Nora continuó en Santa Lucía el sueño que habían proyectado con su esposo. La vida y sus misterios se lo llevaron. Pero el corazón de los amigos germinó en el pueblo. En una pequeña comunidad, la vida crece con su brillo propio. Es inclusiva, se abona con muchas manos.
“Los cielos y la luna iluminando todo el campo. De día, hay microclima, siempre sol. Calles de tierra, acá aprendí a manejar en el barro. Me conecto con la tranquilidad, pero también con toda la gente del pueblo. Acá el sentimiento que domina es el compartir. Cada vez que me voy demoro dos horas porque paso a saludar a todo Santa Lucía”, confiesa Nora. + info: ruta 9 hasta 191, hasta acceso a Santa Lucía.

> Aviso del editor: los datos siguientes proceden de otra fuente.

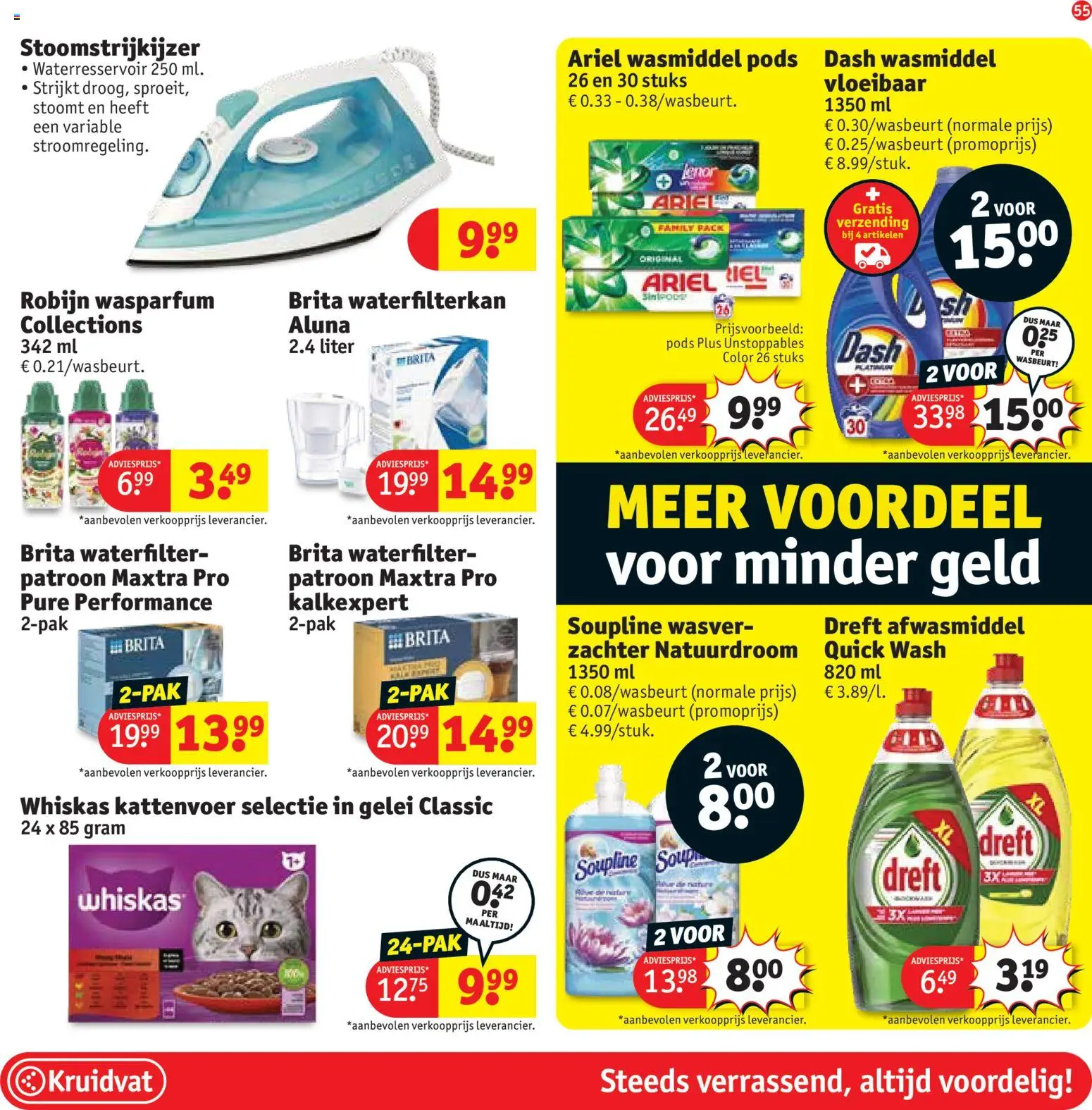 {H1} | Pagina: 55 | Producten: Burgonyapehely, Afwasmiddel, Wasverzachter, Robijn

Los Ombúes, donde atiende la última pulpera de la provincia de Buenos Aires
Paraje Los Ombúes. Exaltación de la Cruz
“Yo nací acá, me crie en el mostrador”, se presenta Elsa Insaugarat de 64 años, eterna y legendaria. Es la única pulpera de la provincia a cargo de la que, según los cronistas de época, es la más antigua pulpería bonaerense. Existen documentos que la datan de finales del siglo XVIII, cuando por aquí pasaba el camino real. “La gente se sorprende porque en medio de la nada existe un lugar así”, asegura.

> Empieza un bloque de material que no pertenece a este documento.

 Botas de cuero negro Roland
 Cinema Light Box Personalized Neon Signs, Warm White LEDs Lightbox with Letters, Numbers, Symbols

Dos grandes ombúes le dan nombre. Están ahí desde el principio de los tiempos. La pulpería aún conserva la reja original por donde se despachaban las bebidas. Quedan pocas así. Aún conserva, también, la mística y el espíritu de frontera. Finales del 1700 o primeras décadas del siglo XXI, el tiempo no puede contra estas paredes asentadas en barro e historias. Adentro, realmente, el tiempo no existe. En cambio se respira la camaradería, las gauchadas y ese sentir campero de saber que aquí siempre hay un amigo. No es poco en estas soledades.
“Nosotros acá escuchamos. Eso es lo que hacemos”, afirma Elsa. Sus tres hijos, Jorge Luis, Fernando y Carlos, la ayudan. También Carolina. Nombres que forman parte de la historia de un rincón querido por los caminantes solitarios, que se acercan a caballo, en moto, camioneta o catango. “Eso es lo que más gusta: el gaucho necesita que lo escuchen, siempre con sus problemas. Que las vacas, que los caminos, que la lluvia, los problemas con los encargados de las estancias... saben que cuentan con nosotros”, resume Elsa.

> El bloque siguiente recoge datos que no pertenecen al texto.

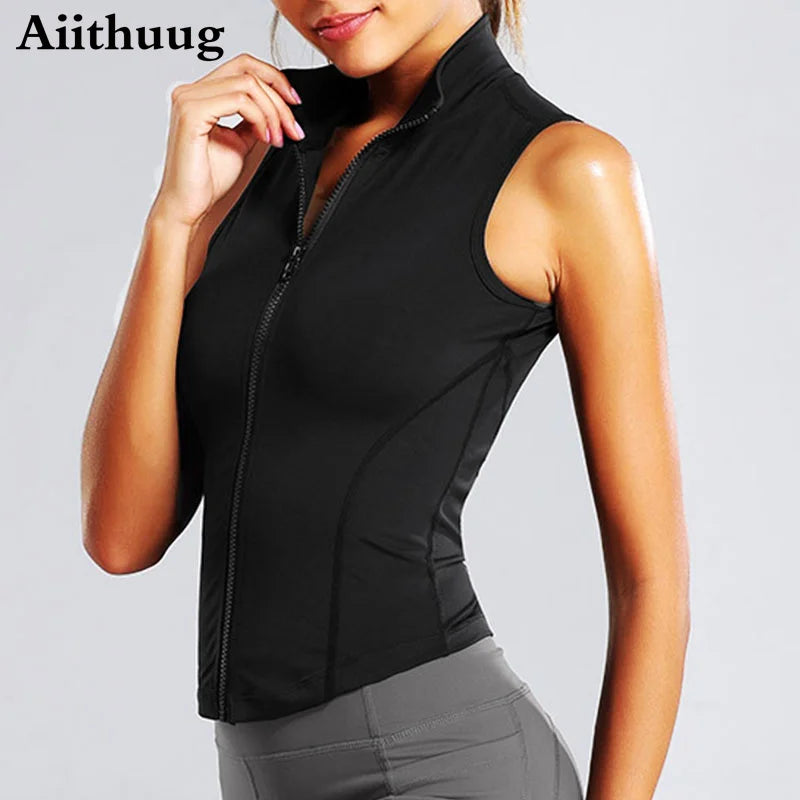 Women's Zip-Up Sweat Vest – Sleeveless High-Neck Workout Top for Fitness & Yoga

La pulpería está entre dos parajes, Puerto Chenaut y Andonaegui, en medio, un mar de pasto y silencios, el campo argentino, la pampa gringa, territorio aún del gaucho. Una curva hace que sea fácil entrar. El camino es parte de asfalto y parte de tierra. Conoció mejores épocas. Parece que nada pasa, pero siempre hay movimiento, intenso movimiento. Elsa jamás está sola. Tiene su familia y un séquito de guardianes que sostienen las mesas y las sillas, apurando una botella de cerveza que no se termina nunca.
La entrada a Los Ombúes presenta una antigua arcada, una pequeña puerta que lleva a un pequeño ambiente, frente al mostrador con las rejas. Cuando Elsa era pequeña no estaba esta puerta. “Era la ramada, donde se quedaban a dormir los caminantes que venían a trabajar el maíz”, afirma. La pulpería es un libro abierto de historia. “El mostrador se levantaba detrás de la reja y quedaba cerrada la pulpería. Pero esta gente pasaba la noche, eran muy tranquilos”, recuerda. No solo era despacho de bebida, sino que brindaba un servicio irremplazable y acaso lo que el gaucho más necesitaba: un techo. “También se quedaban a dormir bajo los ombúes”, rememora, llevando su mirada a los monumentales árboles.